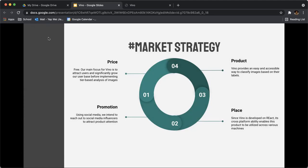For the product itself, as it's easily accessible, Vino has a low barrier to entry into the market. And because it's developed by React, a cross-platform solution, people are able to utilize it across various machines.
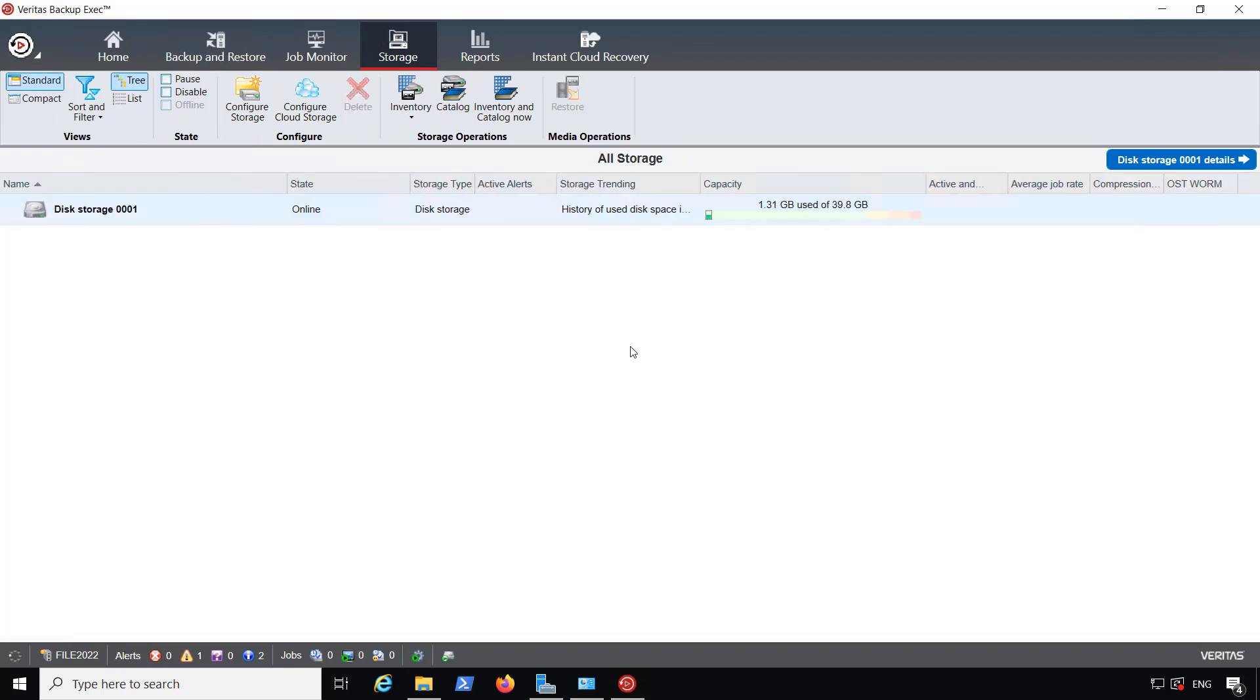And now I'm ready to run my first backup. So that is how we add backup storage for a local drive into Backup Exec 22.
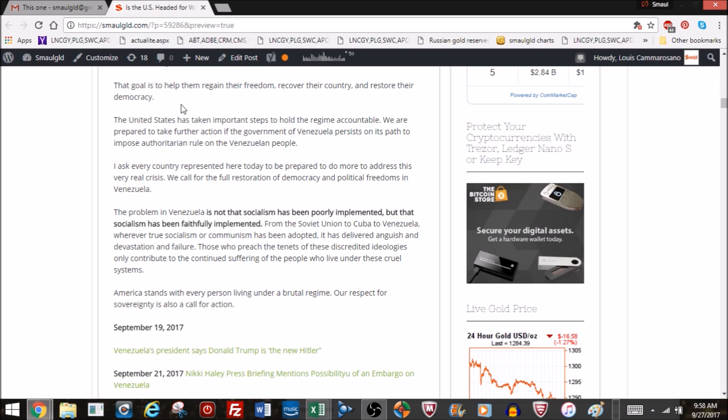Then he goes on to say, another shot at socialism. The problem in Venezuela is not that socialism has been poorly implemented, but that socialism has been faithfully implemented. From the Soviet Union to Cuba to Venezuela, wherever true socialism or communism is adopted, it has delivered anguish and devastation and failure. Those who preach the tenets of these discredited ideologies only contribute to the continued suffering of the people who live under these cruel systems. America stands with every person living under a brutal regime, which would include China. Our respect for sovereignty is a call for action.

* * *

**To do**
The response should hold only an exact retyping of the lines from the beginning of the data through the line containing "And now I'm", both ends kept, pictures omitted.

**Your response**
For the product itself, as it's easily accessible, Vino has a low barrier to entry into the market. And because it's developed by React, a cross-platform solution, people are able to utilize it across various machines.
And now I'm ready to run my first backup. So that is how we add backup storage for a local drive into Backup Exec 22.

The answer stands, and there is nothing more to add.